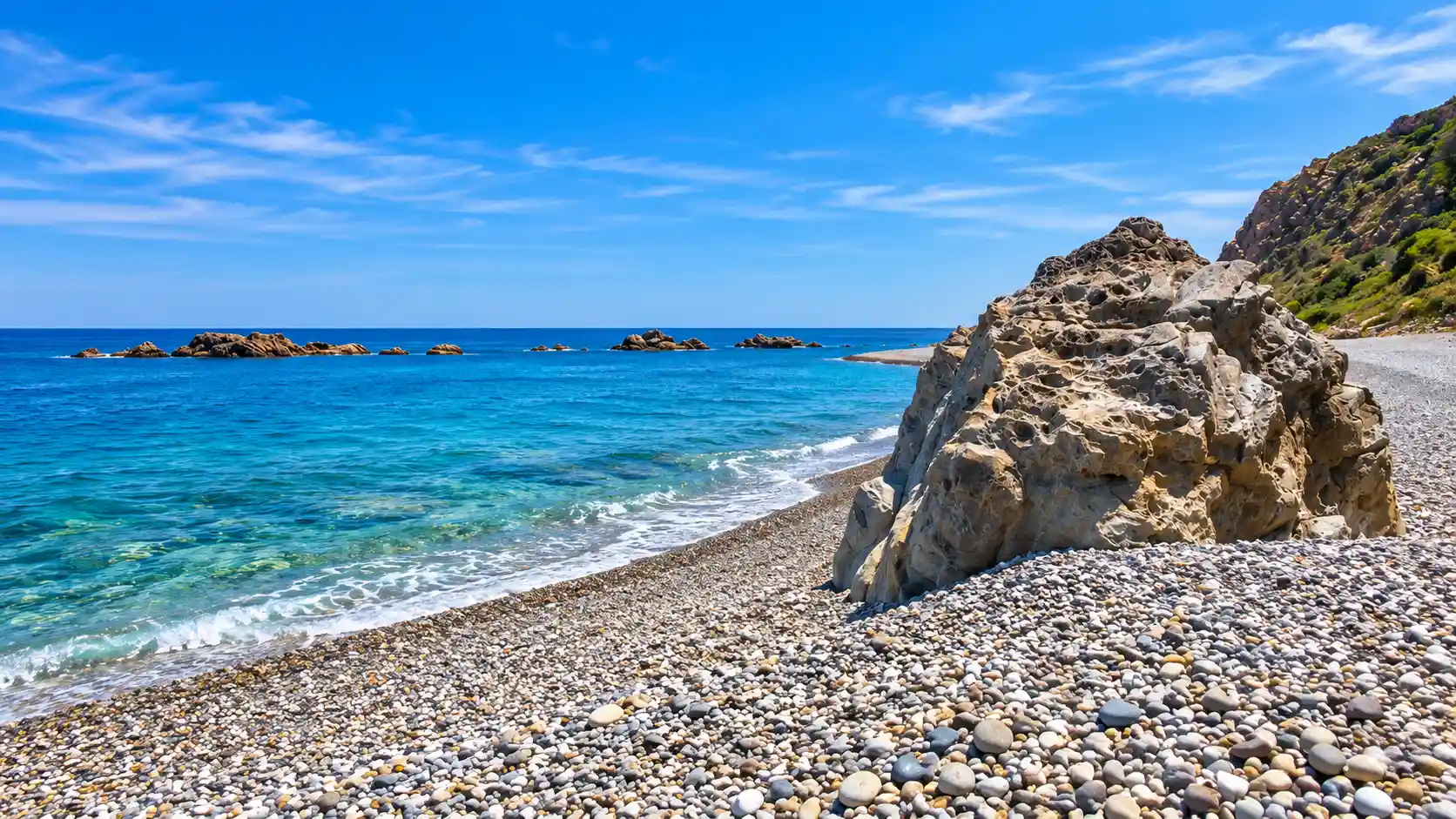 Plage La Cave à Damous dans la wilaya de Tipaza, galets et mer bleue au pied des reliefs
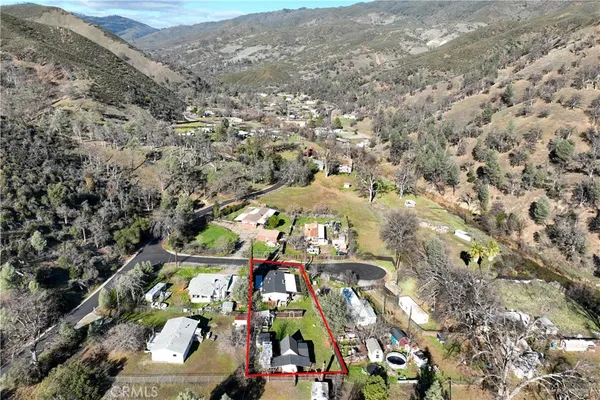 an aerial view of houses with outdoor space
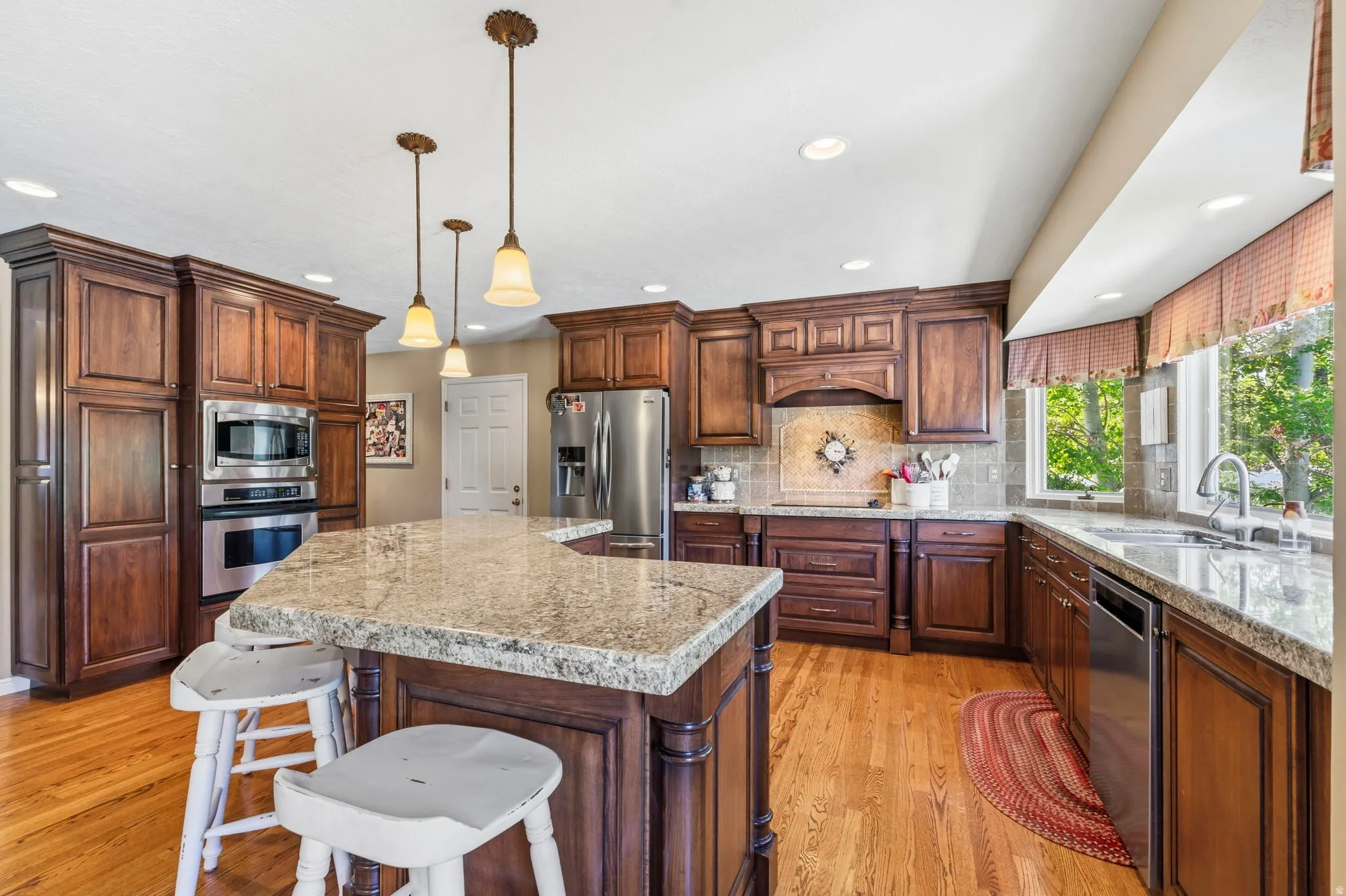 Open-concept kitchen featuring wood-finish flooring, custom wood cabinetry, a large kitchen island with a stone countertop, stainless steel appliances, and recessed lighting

== == ==

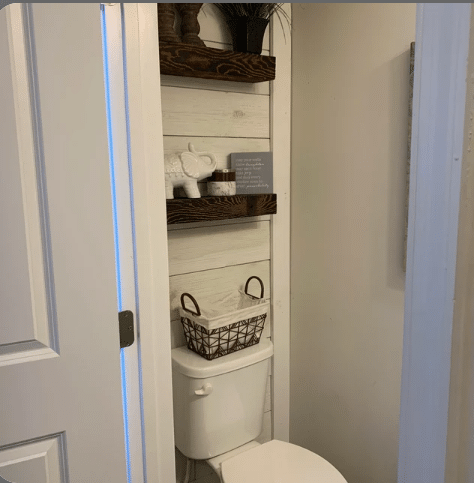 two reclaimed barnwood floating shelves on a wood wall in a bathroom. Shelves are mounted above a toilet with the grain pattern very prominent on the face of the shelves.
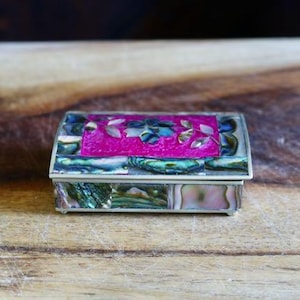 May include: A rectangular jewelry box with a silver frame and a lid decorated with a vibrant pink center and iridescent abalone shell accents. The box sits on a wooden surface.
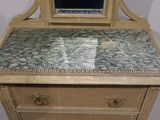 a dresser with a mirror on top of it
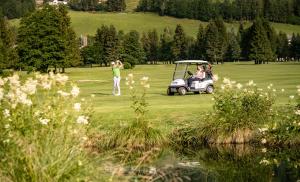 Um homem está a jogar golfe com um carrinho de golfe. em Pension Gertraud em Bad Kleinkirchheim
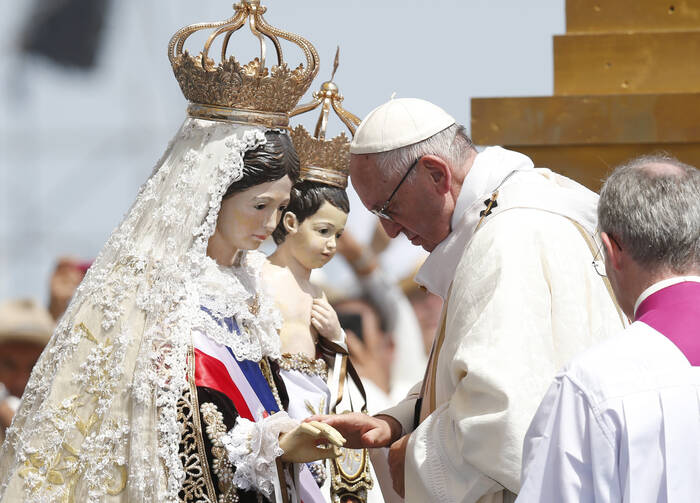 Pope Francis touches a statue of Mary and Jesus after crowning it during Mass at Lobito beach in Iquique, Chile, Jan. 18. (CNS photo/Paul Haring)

== == ==

*Assignment*
Repeat exactly the lines above, from the line that contains "a dresser with a mirror on top of it" down through the line that contains "Pope Francis touches". Include both of those lines and none of the pictures.

*Response box*
 a dresser with a mirror on top of it
 Um homem está a jogar golfe com um carrinho de golfe. em Pension Gertraud em Bad Kleinkirchheim
 Pope Francis touches a statue of Mary and Jesus after crowning it during Mass at Lobito beach in Iquique, Chile, Jan. 18. (CNS photo/Paul Haring)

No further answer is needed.